-
New Feature
-
Resolution: Unresolved
-
Minor
-
None
Not sure if this ECS specific or a more general JNLP issue.
One of the main use cases of using Docker for builds is to isolate the VM/hardware performing builds from the build system. As such if an ECS host is removed from the cluster (scaling, spot instance gets outbid, hosts replaced/upgraded) any slave jobs running on this host will never get restarted on a different host.

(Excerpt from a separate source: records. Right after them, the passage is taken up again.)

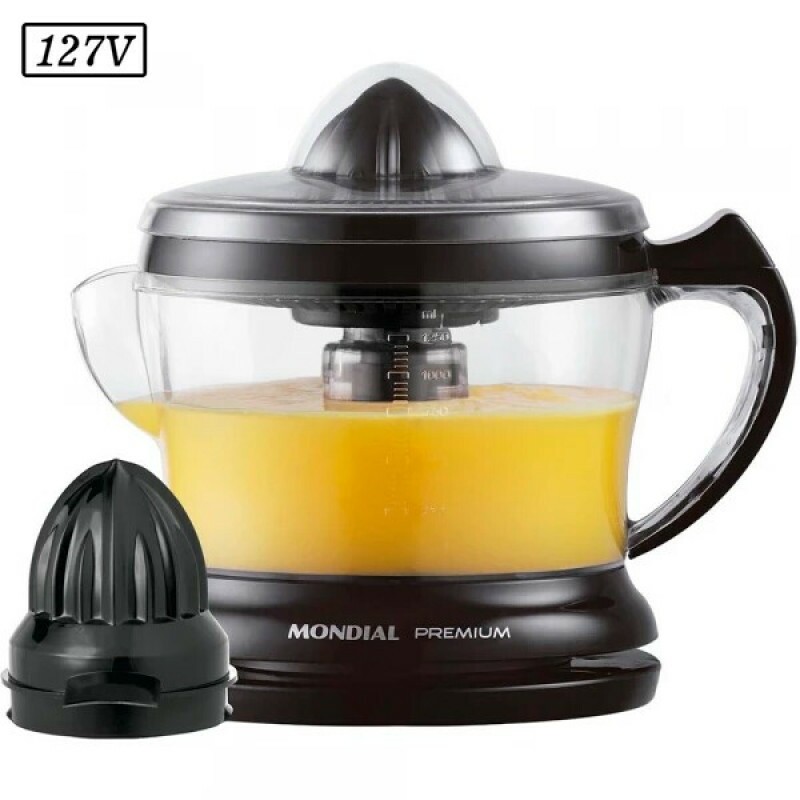 ESPREMEDOR DE FRUTAS MONDIAL PREMIUM E-02 127V PRETO ESPREMEDOR DE FRUTAS MONDIAL PREMIUM E-02 127V PRETO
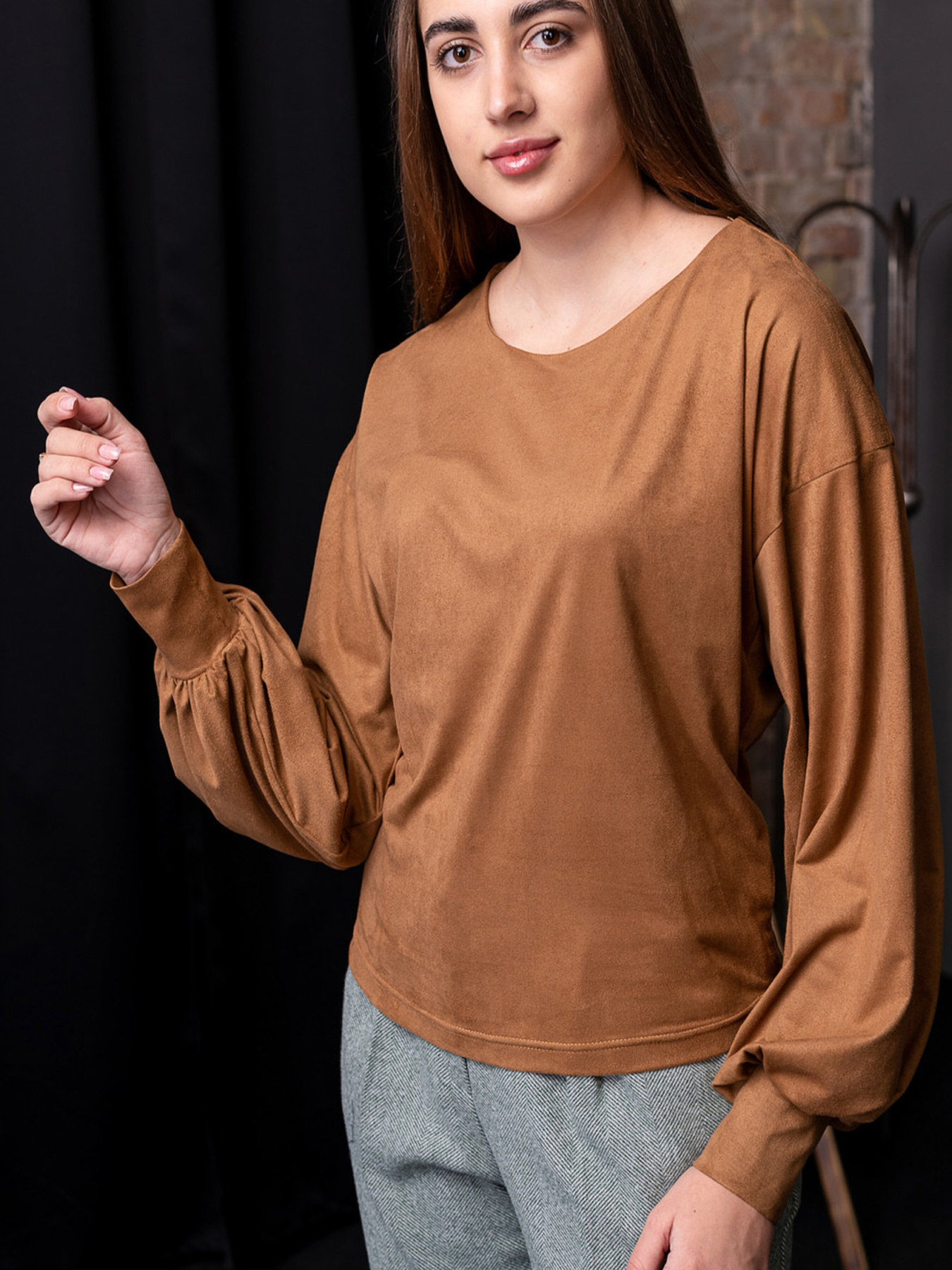 Джемпер LadyLike модель ll188570084-korichnevij Фото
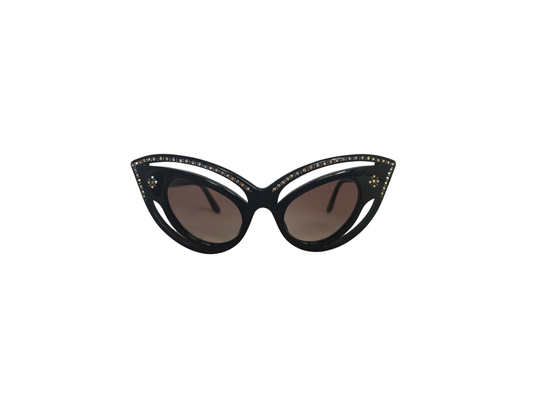No brand - Lunettes de soleil Vintage - prototype - made in France - Acétate & strass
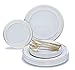 OCCASIONS 720 Pcs set (120 guest) Wedding Disposable Plastic Plate and Silverware Combo 10.5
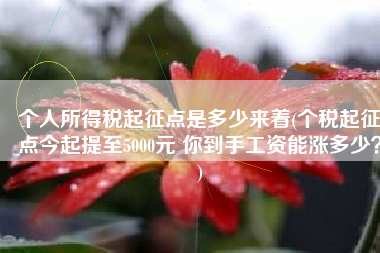 个人所得税起征点是多少来着(个税起征点今起提至5000元 你到手工资能涨多少？)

This manifests as a bunch of different errors mostly related to not being able to connect to the specific ECS slave that was doing the build:
Example1:
Cannot contact ecs-mycluster-3ec9178c860: java.io.IOException: remote file operation failed: /home/jenkins/workspace/nd_my-build-3FBTDD6B4SFOB7TWNY6VBPSYYH6DRQTTK6UHDJWRBBMUEXUBV2BQ at hudson.remoting.Channel@66dfe171:Channel to /172.31.4.13: hudson.remoting.ChannelClosedException: channel is already closed
Example 2:
Cannot contact ecs-majstg-3dc6b7ce91d: hudson.remoting.RequestAbortedException: java.io.IOException: Unexpected EOF while receiving the data from the channel. FIFO buffer has been already closed
Is this an ECS plugin issue or a more general issue/limitation with Jenkins slaves? How are people using this plugin with spot instances or in general coordinating ECS hosts leaving/entering the cluster?